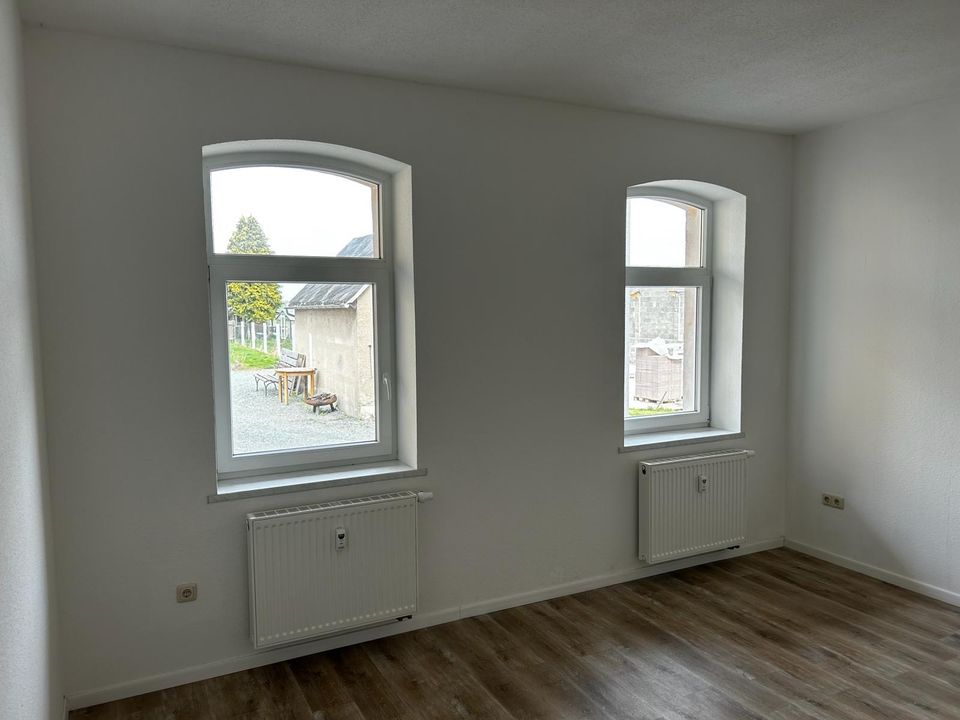 Frisch sanierte 2 Zimmerwohnung mit neuer Einbauküche in Tanna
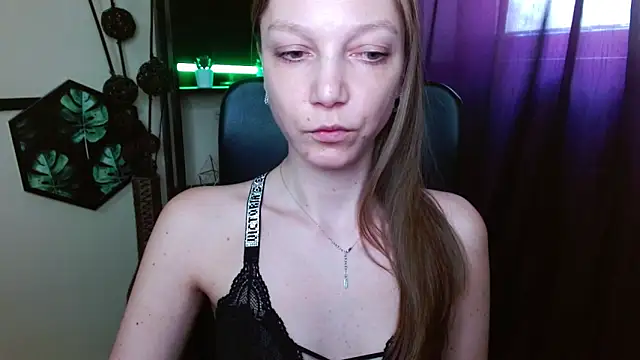 EmillyPlay webcam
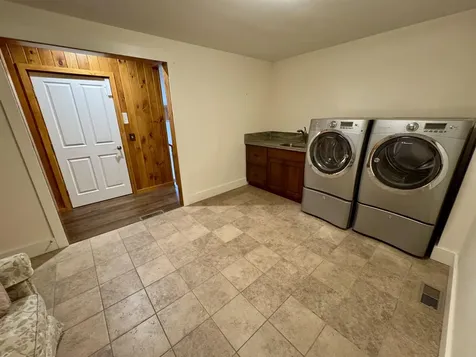 155 Upper Plain Bradford VT 05033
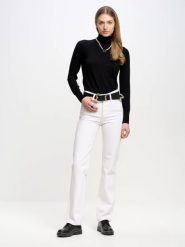 Sweter damski z golfem czarny Charlinka 906. Czarne golfy damskie Big Star, l, z aplikacjami, z dzianiny, bez ramiączek. W wyprzedaży za 139.99 zł.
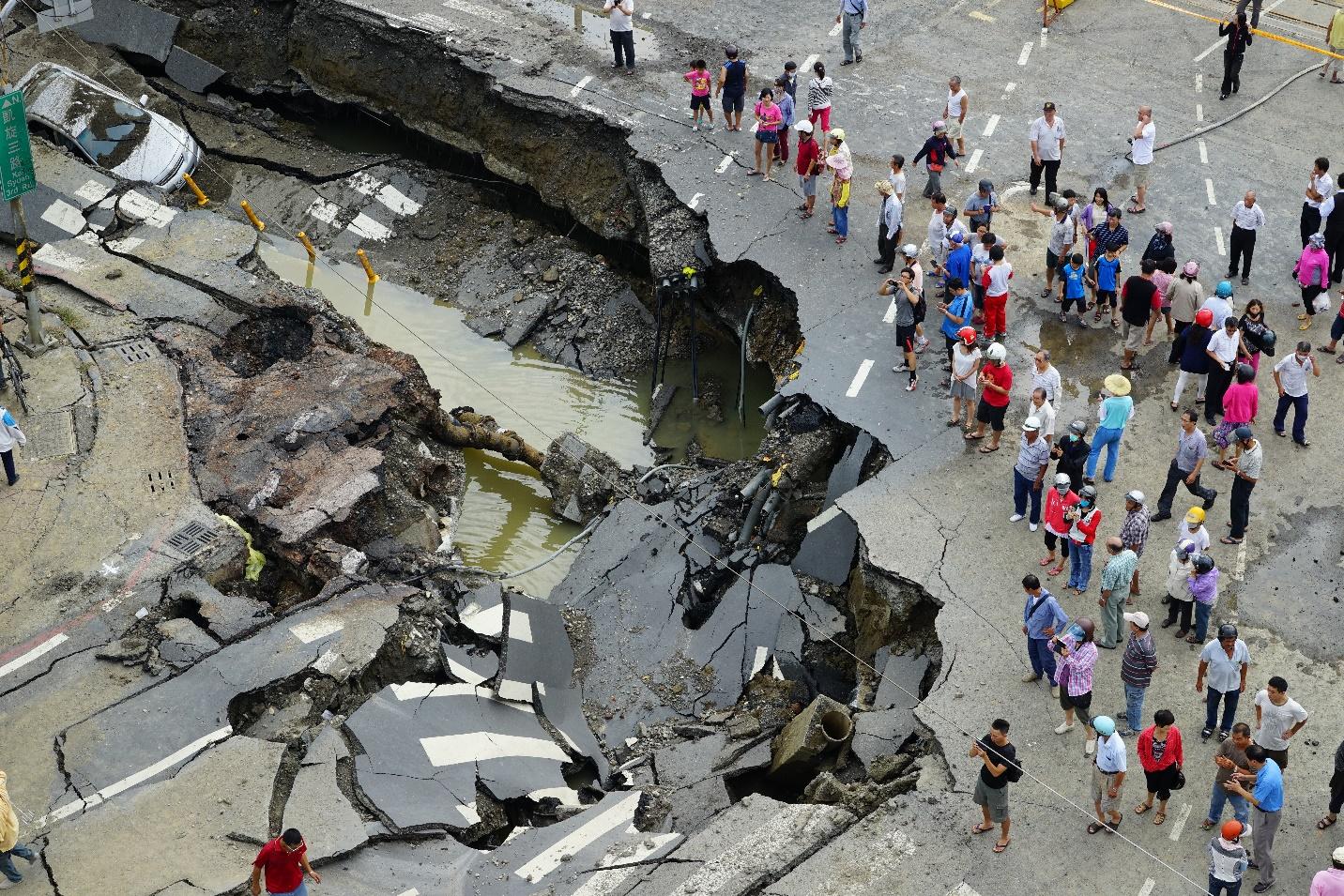 2014年8月1日高雄市一心路和凱旋路口氣爆炸開路面，引起民眾圍觀。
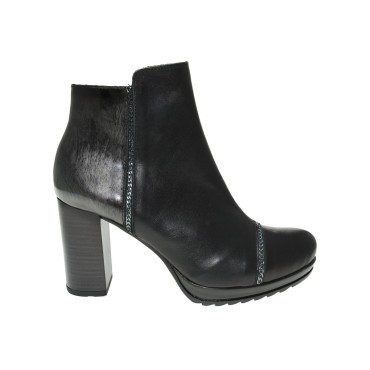 Jose Saenz booties  Rafaela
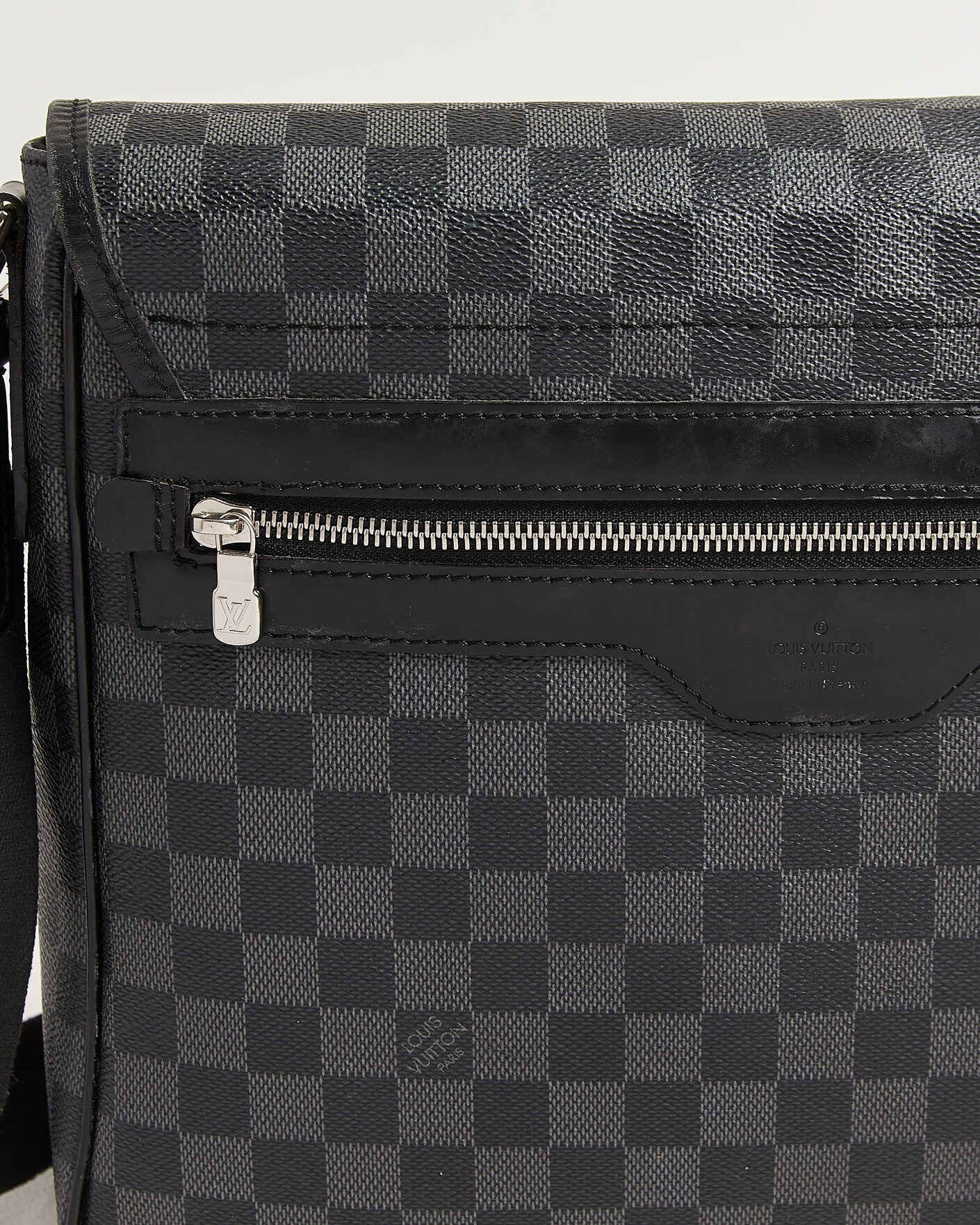 Homme | Pre-Owned & Vintage Bags | Louis Vuitton Pre-Owned | Daniel Shoulder Bag MM Damier Graphite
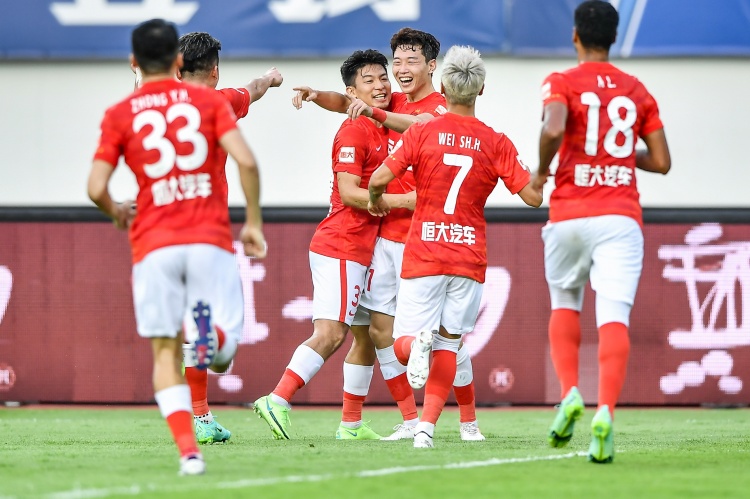 记者:海港并非只盯着泰山队挖人,还对广州队两名后防大将有兴趣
^^^^^^^^^^^^^^^^
## Task statement
Only the text is to be copied: please reproduce the records exactly and drop the pictures.

## Answer to the exercise
 Frisch sanierte 2 Zimmerwohnung mit neuer Einbauküche in Tanna
 EmillyPlay webcam
 155 Upper Plain Bradford VT 05033
 Sweter damski z golfem czarny Charlinka 906. Czarne golfy damskie Big Star, l, z aplikacjami, z dzianiny, bez ramiączek. W wyprzedaży za 139.99 zł.
 2014年8月1日高雄市一心路和凱旋路口氣爆炸開路面，引起民眾圍觀。
 Jose Saenz booties  Rafaela
 Homme | Pre-Owned & Vintage Bags | Louis Vuitton Pre-Owned | Daniel Shoulder Bag MM Damier Graphite
 记者:海港并非只盯着泰山队挖人,还对广州队两名后防大将有兴趣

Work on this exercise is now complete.